The latest developments in the SWIP index were a combination of a continued downturn in the construction, mechanical engineering, domestic appliances and metalware sectors, only partly compensated by the continued growth in the automotive. The construction sector already entered recession in the third quarter of 2022 and saw its seventh consecutive quarterly drop (-2.3%, after -0.1% in the preceding quarter), and its recessionary trend is expected to continue throughout 2024. The positive trend in overall SWIP, which began after the pandemic, continued up to the fourth quarter of 2023, despite soaring energy prices impacting production costs, component shortages and lower output that starting to affect total production activity in steel-using sectors in the second half of 2022. The deterioration of the economic and industrial outlook in the EU – particularly due to high inflation and the subsequent interest rate hike by the European Central Bank (ECB) – had only a limited impact on steel-using sectors’ output up to the end of 2023. The construction sector, which accounts for 35% of steel consumption in the EU, was the only significant exception.

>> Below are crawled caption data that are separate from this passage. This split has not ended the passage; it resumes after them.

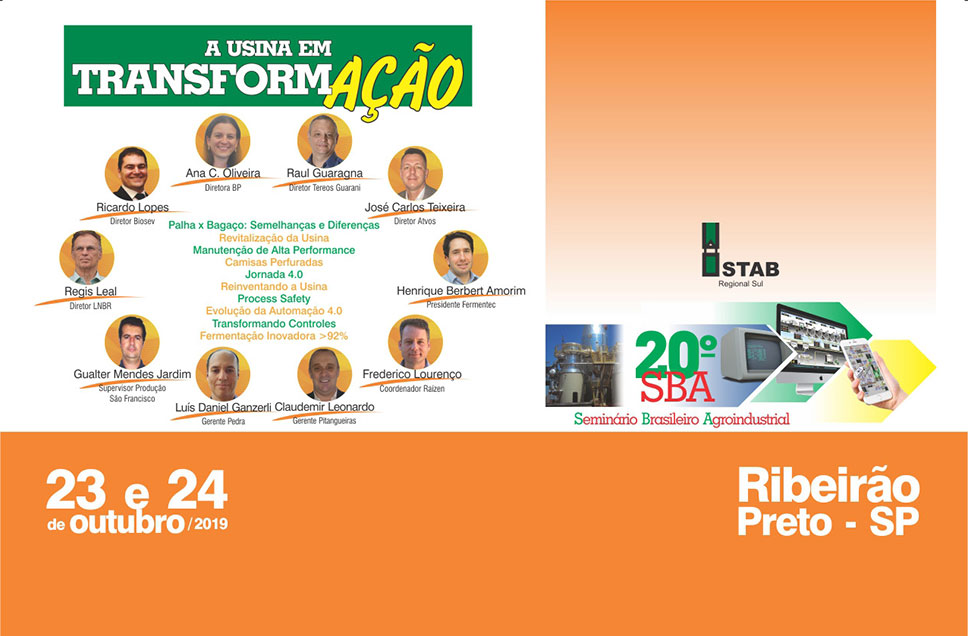 20º SBA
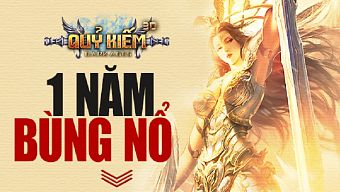 gmo, mmo, game ios, game android, quy kiem 3d, quỷ kiếm 3d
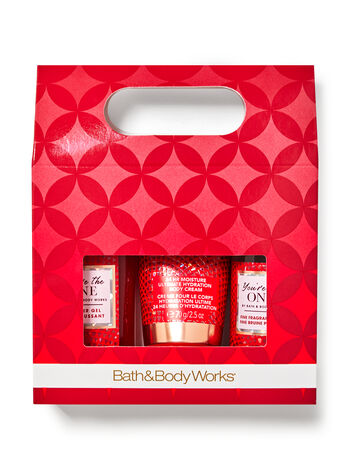 You're The One Mini Gift Box Set Mini Gift Box Set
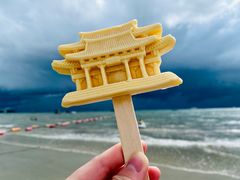 -巽寮湾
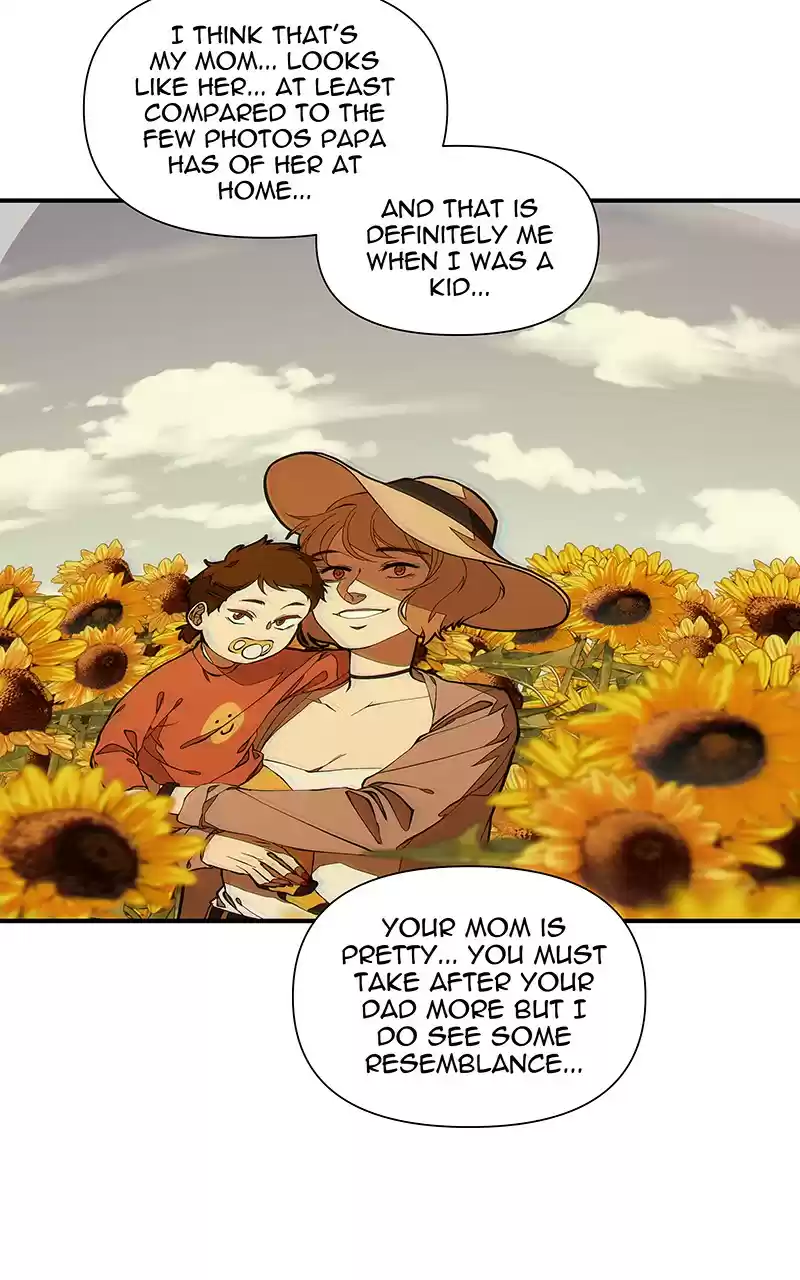 I Love Yoo Chapter 147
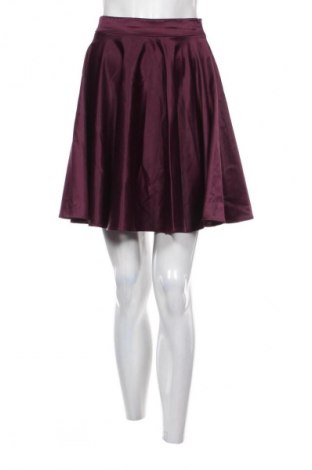 Fustă Unbranded, Mărime S, Culoare Mov, Preț 36,99 Lei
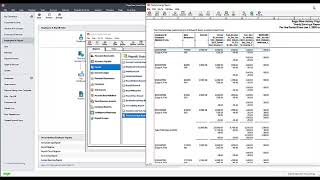 Sage 50 US  New Jersey SUI Formula Adjustment [upl. by Phyllis396]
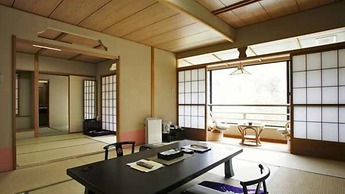 Sounkyo Kanko Hotel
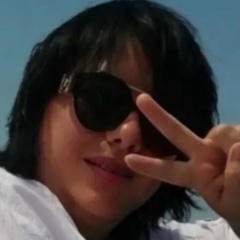 Надежда Серпухина, 05.04.1975, Атырау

Ongoing economic uncertainty is set to continue taking its toll on growth in the upcoming quarters. The year 2024 is expected to be characterised by unpredictability, stemming from energy price levels, continued weakness in steel demand, inflation and interest rate-driven economic challenges.
The ongoing economic uncertainty is set to continue affecting steel market growth from the demand side over the upcoming quarters:
1. Despite EU industry proving quite resilient throughout 2023, the outlook for 2024 remains dominated by a worsening combination of uncertainties in energy prices, weak demand, inflation above target levels, severe geopolitical tensions and economic challenges driven by high interest rates, despite initial monetary easing.
2. While output grew more than expected (+3.2%) in 2022, SWIP growth in 2023 slowed down, achieving a higher-than- estimated growth (+1.2% vs. +1.1%), albeit with wide differences among individual EU economies and industrial sectors.
3. In 2024, growth in steel-using sectors is projected to drop (-1.6%, previously set at -1%), due to the second recession in a row in the construction sector, persistent geopolitical tensions, and the lagged impact of high interest rates on the overall manufacturing sector. Moderate growth is expected to resume moderately (+2.3%) in 2025.